Much ink has been spilled on the question of increasing happiness, and it’s generally agreed that the way to do so is by engaging in happiness-enhancing activities. Simply put, you should spend more time doing things that bring you joy.
Generally speaking, there are two types of activities that can bring you joy: self-focused activities and other-focused activities. Self-focused activities describe the happiness you feel when you buy a new car, or when your favorite team wins a championship. It’s great while it lasts, but cars tend to get dented and the Cubs sometimes like to wait 108 years between World Series wins.
Self-focused happiness, in other words, tends to be fleeting.
But there’s another type of happiness. It’s the happiness you feel when you do something kind, something righteous and just. It’s the happiness you get when you visit a sick relative, when you give charity, when you ensure others do not feel excluded socially. This is other-focused happiness, and it’s been shown that activities that enhance it consistently outperform those that are self-focused.
We need to place greater emphasis on ensuring that our young people are engaged in those activities that are most likely to bring them happiness and fulfillment.
This is where education comes in. Classroom education can also be divided into self-focused and other-focused education. Self-focused education focuses on skills that are most likely to help the student attain success in life: reading, writing, math and science — subjects that will help the student make a living and be able to afford that new car or those tickets for the next time the Cubs make it to the World Series.
Then there is other-focused education. Teaching our young people morals and ethics; teaching them that there is more to life than the acquisition of knowledge, of possessions, of accolades and honors. Moral and ethical education teaches our children to focus on the bigger picture, on being kind and giving to others.
And it is this form of education that is the most likely to help our students feel fulfilled, hopeful and happy.
As a parent, educator and community leader, helping our young people find a sense of purpose and happiness by being kind to others is constantly at the forefront of my efforts, because that is the example I saw growing up.
My grandfather, Ephraim Moscowitz, of blessed memory, was a teacher and then principal in the Chicago Public Schools for more than 30 years. Many of the students he taught came from broken homes, and often saw the adults in their lives seek happiness in some of the most damaging forms of self-focused activities: addiction and abuse.
Mr. Moscowitz — or Zeyde, as we affectionately referred to him — treated every student in his school with dignity and respect. This way of treating people rubbed off on them, and years later, his former students still wax poetic on how he inspired them to seek fulfillment in helping others, in making the world a better place.

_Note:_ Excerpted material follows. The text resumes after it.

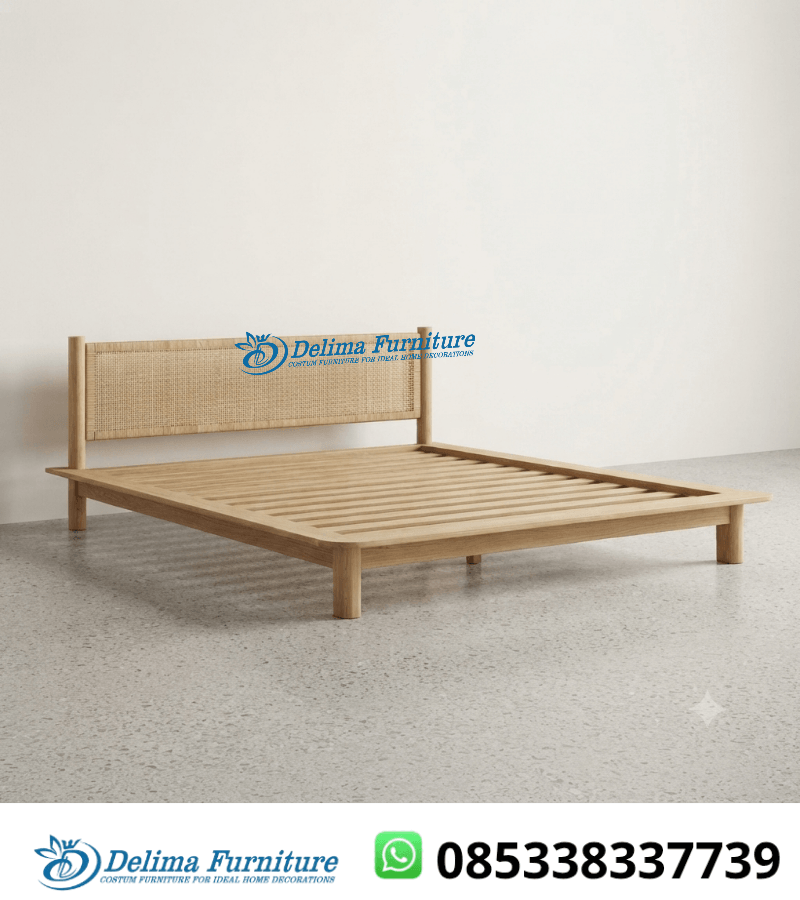 Tempat Tidur Jati Solid Anyaman Rotan Modern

It is this model of moral and ethical education, of teaching kindness and respect, that is at the core of Education and Sharing Day, which was observed on Sunday, April 2. It honors the Rebbe — Rabbi Menachem M. Schneerson, of righteous memory, the most influential rabbi in modern history — who championed the idea that “Education, in general, should not be limited to the acquisition of knowledge and preparation for a career, or, in common parlance, ‘to make a better living.’ … The educational system must, therefore, pay more attention, indeed the main attention, to the building of character, with emphasis on moral and ethical values.”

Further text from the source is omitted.